Data for this task -
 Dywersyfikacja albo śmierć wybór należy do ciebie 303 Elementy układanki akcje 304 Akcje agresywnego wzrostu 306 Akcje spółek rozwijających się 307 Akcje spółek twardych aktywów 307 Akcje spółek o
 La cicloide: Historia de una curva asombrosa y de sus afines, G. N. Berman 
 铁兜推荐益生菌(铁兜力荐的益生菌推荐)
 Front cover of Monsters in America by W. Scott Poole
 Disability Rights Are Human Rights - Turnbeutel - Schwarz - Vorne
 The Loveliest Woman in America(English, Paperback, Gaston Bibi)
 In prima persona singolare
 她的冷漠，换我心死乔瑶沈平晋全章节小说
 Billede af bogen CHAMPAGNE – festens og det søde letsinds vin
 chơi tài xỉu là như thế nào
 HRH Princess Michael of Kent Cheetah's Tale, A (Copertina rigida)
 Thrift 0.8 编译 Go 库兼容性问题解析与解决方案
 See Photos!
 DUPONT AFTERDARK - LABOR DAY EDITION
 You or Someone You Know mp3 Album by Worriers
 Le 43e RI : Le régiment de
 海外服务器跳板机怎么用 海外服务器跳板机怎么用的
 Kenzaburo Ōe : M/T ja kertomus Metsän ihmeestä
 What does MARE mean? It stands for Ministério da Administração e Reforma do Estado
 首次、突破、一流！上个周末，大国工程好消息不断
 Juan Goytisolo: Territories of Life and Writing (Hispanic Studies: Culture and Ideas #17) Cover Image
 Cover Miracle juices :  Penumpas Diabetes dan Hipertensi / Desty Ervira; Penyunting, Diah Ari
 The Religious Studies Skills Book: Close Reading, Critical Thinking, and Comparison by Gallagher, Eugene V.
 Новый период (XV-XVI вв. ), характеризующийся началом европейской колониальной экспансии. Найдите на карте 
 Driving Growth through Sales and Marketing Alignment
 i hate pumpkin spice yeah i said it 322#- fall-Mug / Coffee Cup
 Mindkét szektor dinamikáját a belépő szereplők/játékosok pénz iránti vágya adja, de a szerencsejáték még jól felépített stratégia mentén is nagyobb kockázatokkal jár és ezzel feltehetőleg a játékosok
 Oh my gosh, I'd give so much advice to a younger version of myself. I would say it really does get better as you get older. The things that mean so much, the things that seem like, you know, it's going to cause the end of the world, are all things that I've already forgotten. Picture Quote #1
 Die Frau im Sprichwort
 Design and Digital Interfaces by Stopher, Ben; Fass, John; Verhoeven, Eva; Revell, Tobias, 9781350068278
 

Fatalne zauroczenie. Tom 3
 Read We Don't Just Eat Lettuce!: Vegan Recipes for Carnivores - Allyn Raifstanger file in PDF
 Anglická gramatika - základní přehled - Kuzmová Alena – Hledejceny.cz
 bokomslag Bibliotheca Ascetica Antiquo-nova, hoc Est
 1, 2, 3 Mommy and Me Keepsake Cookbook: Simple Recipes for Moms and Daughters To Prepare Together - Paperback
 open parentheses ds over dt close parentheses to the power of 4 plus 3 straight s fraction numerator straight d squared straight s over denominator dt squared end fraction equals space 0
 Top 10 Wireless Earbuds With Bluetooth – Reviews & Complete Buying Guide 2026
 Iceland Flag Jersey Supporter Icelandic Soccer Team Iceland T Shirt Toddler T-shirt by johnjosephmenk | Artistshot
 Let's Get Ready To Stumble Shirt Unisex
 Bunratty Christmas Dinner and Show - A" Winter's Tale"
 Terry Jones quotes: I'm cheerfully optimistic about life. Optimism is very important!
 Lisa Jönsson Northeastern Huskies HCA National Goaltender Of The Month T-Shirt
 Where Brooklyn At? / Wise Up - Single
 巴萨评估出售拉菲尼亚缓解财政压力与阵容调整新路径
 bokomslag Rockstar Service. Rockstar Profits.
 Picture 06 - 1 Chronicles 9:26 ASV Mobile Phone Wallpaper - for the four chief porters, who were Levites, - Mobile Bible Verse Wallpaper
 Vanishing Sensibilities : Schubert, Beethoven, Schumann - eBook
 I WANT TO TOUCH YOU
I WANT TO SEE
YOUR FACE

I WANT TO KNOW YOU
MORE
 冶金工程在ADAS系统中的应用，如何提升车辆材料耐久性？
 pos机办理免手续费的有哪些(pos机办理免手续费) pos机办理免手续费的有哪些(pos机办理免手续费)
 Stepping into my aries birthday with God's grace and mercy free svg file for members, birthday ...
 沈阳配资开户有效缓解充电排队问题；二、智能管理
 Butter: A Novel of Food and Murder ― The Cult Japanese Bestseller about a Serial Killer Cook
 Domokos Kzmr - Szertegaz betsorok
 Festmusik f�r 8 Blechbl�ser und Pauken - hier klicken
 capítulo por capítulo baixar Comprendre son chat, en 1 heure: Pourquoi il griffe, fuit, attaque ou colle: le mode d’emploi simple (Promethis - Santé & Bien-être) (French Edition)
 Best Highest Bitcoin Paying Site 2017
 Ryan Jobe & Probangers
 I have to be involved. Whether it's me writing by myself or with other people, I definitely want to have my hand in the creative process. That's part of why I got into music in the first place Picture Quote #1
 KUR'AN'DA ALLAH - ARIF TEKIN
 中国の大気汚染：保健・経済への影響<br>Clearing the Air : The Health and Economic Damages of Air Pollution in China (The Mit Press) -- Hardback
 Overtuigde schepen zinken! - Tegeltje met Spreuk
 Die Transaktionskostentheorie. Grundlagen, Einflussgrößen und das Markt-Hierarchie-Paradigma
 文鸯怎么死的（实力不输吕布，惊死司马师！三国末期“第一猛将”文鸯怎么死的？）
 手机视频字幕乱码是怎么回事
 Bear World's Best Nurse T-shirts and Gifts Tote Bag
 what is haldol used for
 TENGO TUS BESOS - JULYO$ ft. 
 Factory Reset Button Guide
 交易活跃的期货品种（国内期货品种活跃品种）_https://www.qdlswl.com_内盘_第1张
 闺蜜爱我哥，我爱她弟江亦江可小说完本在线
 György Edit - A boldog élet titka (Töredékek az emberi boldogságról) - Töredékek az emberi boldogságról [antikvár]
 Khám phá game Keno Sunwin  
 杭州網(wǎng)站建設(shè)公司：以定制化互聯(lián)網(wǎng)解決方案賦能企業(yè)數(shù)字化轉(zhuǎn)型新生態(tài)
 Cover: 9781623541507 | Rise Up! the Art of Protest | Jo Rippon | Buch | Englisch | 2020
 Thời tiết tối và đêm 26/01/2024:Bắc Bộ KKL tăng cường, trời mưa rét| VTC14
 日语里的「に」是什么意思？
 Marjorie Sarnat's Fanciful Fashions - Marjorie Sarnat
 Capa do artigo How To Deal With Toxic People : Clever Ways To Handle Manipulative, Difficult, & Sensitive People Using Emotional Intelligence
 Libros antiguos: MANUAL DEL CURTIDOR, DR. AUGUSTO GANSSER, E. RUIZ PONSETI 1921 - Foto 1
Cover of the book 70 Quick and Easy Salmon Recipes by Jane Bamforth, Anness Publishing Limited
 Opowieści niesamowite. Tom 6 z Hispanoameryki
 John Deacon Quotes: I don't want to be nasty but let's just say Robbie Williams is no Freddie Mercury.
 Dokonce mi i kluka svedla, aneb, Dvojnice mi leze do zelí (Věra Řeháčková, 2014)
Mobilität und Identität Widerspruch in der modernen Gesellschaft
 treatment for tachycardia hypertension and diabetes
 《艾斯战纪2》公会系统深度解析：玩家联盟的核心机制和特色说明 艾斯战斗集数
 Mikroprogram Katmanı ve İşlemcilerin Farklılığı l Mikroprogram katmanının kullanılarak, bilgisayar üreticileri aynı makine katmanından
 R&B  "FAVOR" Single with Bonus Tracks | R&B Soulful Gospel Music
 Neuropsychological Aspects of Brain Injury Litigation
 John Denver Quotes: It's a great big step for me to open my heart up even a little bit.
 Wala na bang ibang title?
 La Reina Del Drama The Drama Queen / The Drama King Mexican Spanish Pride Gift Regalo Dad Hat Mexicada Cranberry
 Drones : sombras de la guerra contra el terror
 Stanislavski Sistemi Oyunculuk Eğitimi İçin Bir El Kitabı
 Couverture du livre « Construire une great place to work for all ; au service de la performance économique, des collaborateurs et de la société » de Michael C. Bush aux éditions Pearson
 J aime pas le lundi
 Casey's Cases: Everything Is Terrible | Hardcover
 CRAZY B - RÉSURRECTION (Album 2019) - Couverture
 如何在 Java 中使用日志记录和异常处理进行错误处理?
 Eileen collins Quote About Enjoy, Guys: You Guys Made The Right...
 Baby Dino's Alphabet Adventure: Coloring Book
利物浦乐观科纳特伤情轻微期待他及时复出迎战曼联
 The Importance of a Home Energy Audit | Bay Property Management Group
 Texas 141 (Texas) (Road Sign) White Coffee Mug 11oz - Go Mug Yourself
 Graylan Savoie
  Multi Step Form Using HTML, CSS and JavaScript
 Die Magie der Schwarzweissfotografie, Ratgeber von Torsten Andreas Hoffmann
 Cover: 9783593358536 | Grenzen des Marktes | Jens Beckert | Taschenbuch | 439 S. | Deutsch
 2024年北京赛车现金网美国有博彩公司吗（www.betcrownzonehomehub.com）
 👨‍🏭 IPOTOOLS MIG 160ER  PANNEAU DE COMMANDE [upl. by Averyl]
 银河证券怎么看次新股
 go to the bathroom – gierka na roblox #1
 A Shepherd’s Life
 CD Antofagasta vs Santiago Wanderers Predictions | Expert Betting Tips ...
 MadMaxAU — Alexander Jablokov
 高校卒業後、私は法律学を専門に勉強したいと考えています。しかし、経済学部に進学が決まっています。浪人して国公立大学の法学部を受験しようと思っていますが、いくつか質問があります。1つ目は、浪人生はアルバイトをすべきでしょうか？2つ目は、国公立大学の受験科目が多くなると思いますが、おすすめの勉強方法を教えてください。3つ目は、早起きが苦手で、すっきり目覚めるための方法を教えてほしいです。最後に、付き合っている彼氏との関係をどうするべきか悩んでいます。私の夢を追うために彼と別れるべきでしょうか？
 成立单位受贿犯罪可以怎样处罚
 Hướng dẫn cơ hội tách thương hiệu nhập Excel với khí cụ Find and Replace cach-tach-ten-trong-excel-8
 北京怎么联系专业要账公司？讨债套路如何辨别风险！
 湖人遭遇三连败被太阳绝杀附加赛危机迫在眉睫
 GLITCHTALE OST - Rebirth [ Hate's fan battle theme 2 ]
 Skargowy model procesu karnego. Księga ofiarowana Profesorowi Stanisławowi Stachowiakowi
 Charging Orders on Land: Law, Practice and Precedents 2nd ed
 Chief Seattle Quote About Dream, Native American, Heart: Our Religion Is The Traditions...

Assignment -
Repeat, character for character, the lines from the one that holds "go to the bathroom – gierka na roblox #1" to the final line of the material, inclusive, and no other lines.

Finished task -
 go to the bathroom – gierka na roblox #1
 A Shepherd’s Life
 CD Antofagasta vs Santiago Wanderers Predictions | Expert Betting Tips ...
 MadMaxAU — Alexander Jablokov
 高校卒業後、私は法律学を専門に勉強したいと考えています。しかし、経済学部に進学が決まっています。浪人して国公立大学の法学部を受験しようと思っていますが、いくつか質問があります。1つ目は、浪人生はアルバイトをすべきでしょうか？2つ目は、国公立大学の受験科目が多くなると思いますが、おすすめの勉強方法を教えてください。3つ目は、早起きが苦手で、すっきり目覚めるための方法を教えてほしいです。最後に、付き合っている彼氏との関係をどうするべきか悩んでいます。私の夢を追うために彼と別れるべきでしょうか？
 成立单位受贿犯罪可以怎样处罚
 Hướng dẫn cơ hội tách thương hiệu nhập Excel với khí cụ Find and Replace cach-tach-ten-trong-excel-8
 北京怎么联系专业要账公司？讨债套路如何辨别风险！
 湖人遭遇三连败被太阳绝杀附加赛危机迫在眉睫
 GLITCHTALE OST - Rebirth [ Hate's fan battle theme 2 ]
 Skargowy model procesu karnego. Księga ofiarowana Profesorowi Stanisławowi Stachowiakowi
 Charging Orders on Land: Law, Practice and Precedents 2nd ed
 Chief Seattle Quote About Dream, Native American, Heart: Our Religion Is The Traditions...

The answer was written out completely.